Hanninen et al.²⁸ used tensile testing to compare the mechanical strengths of flax fibres extracted from retted and non-retted samples. They found values of 487 ± 168 MPa and 322 ± 92 MPa for retted and non-retted respectively, which they attributed to the impact of biochemical activity of retting the external tissue. Their retted strength agrees well with our measurement of the flexural strength. Note also that our technique results in a lower dispersion of the data (six times less). Hanninen at al²⁸ also measured the strength of flax fibres extracted using scutched and hackled techniques. Interestingly, they measure a value of 343 ± 144 MPa, lower than the retted fibres—our measurements here suggest that this observation is probably due to the presence of mechanically-induced kink bands in scutched and hackled fibre samples. Stems and fibres are known to have different failure modes^27,59. Our observations concerning two types of fibre failure are in agreement with the ideas put forward by Ennos and Van Casteren⁶⁰.

Finally, when comparing our results to those gathered using tensile methods, bending involves both tension and compression. A difference in the values of the compressive strength and the tensile strength has been observed in treated flax fibres⁶¹. Therefore, the flexural strength is not necessarily equal to the tensile strength.

Conclusions

Original micromechanical measurements, inspired from microelectromechanical systems (MEMS) testing, can be used to yield accurate measurements of the flexural modulus and the strength of fibres without the need of a direct force measurement. These methods involve low and high deflection of single fibre-based microcantilevers. In addition, a micromechanical approach enables multiple measurements of the same sample—this is not possible using tensile methods. We were able to use single flax fibres to demonstrate the techniques. Like many fibres, flax fibres are rarely perfectly straight and often possess initial curvature. However, for the methods here to be valid, straight single fibres must be carefully selected. These techniques use small sample lengths which decreases the probability of the presence of defects in the fibre prior to testing. In addition, short samples ensure single fibres uniformity along the sample length. The techniques lead to low dispersion of results which have enabled an accurate determination of the average flexural modulus and strength values. The low dispersion of the experimental results has enabled us to identify and quantify two distinct failure modes in flax fibres. Finally, the generic techniques demonstrated here could be useful for the mechanical testing of a myriad of small fibres of restricted size and a valuable nature.

Methods

Flax sample gathering

Retted flax samples (Family: Linaceae, Genus: Linum, Species: L. usitatissimum, Variety: Felice) were collected for the study from a farmer’s field near Killem, France, run by a flax fibre manufacturer (Van Robaeys Frères. France). Sample gathering was conducted at midday after 6 h of sunshine (no rain) at an average temperature of 18.5 °C. To ensure a comprehensive representation, flax stalks were randomly selected from different parts of the field. The selected stalks were those that appeared healthy and undamaged.
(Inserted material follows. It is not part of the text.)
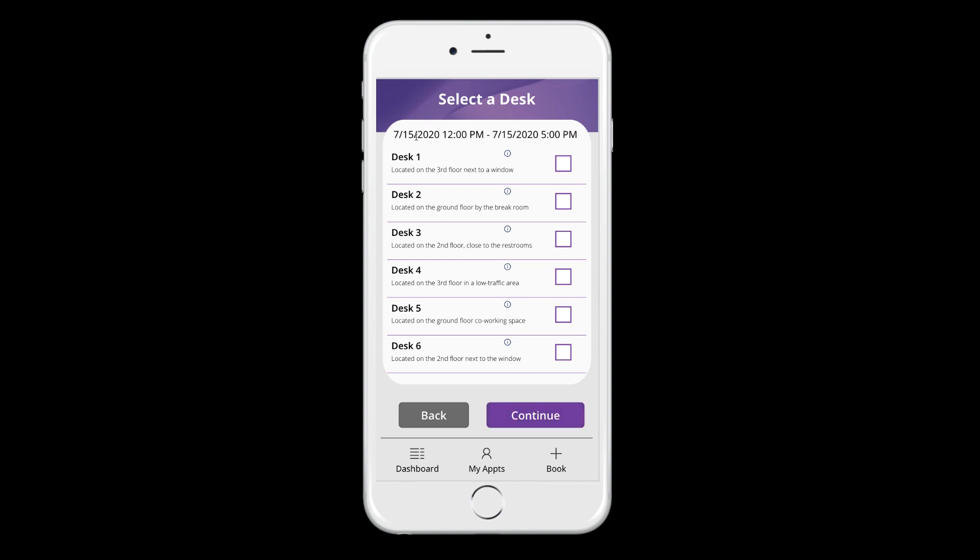So it's confirming the times that we have selected. And it's showing us any desks that are available. I've given these some generic names for now. But we have a name and then a description of the desk about kind of where it's located.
In order to protect the samples during transport to the laboratory, the flax stalks were enclosed in sealed plastic bags. These bags were then placed in a temperature-controlled container with ice to maintain their stability during transport.

Single fibre extraction from flax stems

Upon arrival at the laboratory the stems (in their bags) were brought to room temperature for fibre extraction. A precise procedure was developed and followed to extract individual flax fibres. The flax samples were always taken from the middle of the whole flax plant stems. First, a slight break was carefully made at the top of the flax stem samples. This exposed the outer tissue of the stalk. This outer tissue was then carefully peeled away from the inner woody part of the stem without causing high bending of the skin/fibre mix. From the peeled outer tissue, a long and straight bundle of fibres was selected to be separate. This was carefully done using a combination of two pairs of tweezers to ensure that the fibres remain straight. Once a suitable fibre was identified within the bundle, the remainder of the bundle was peeled off while holding the individual fibre securely at one end using tweezers—again maintaining the fibre as straight as possible to avoid mechanical stresses. Note that the subsequent experimentation including the mechanical measurements were conducted in an ISO 7 class cleanroom (T = 20 °C ± 0.5 °C; RH = 45% ± 2%).

Cantilever fabrication

To create the cantilever support, square polypropylene chips measuring (6 mm × 6 mm × 100 µm) were cut. These support chips had a mass of typically 4–7 mg. The individual flax fibre was picked up and transferred to the polypropylene support under the microscope using a small piece of adhesive tape measuring approximately 2 mm × 2 mm, assisted by tweezers. With the aid of a VHX-6000 digital optical microscope (Keyence, France) having a large working distance, we carefully applied the flax fibre/tape to the polypropylene support chip. The main aim here was twofold. First, the accurate anchoring alignment of the adhesive tape. Second, the perpendicular protrusion of the microcantilever (fibre) from polypropylene support. The adhesive tape was aligned with an accuracy of ± 100 µm. Finally, the mounted fibres were then examined using digital optical microscopy for perpendicularity, anchoring quality, and fibre homogeneity and uniformity.

Sample weight

Following fabrication of the cantilever/support chip ensemble, the mass of each sample was accurately measured using precision scales (Mettler Toledo, France). These scales are accurate to 0.2 µg. The density of flax fibre is typically 1500 kg m^{−362,63,64,65,66,67}, if we consider the diameter of the largest flax fibres to be 40 µm and their length to be 5 mm, then its mass is 9 × 10⁻⁹ kg. The plastic support chips are typically 4 × 10⁻⁶ kg, giving a weight ratio of ~ 0.23%. The contribution to bending of the self-weight of the cantilever is therefore negligible—as required by the modelling.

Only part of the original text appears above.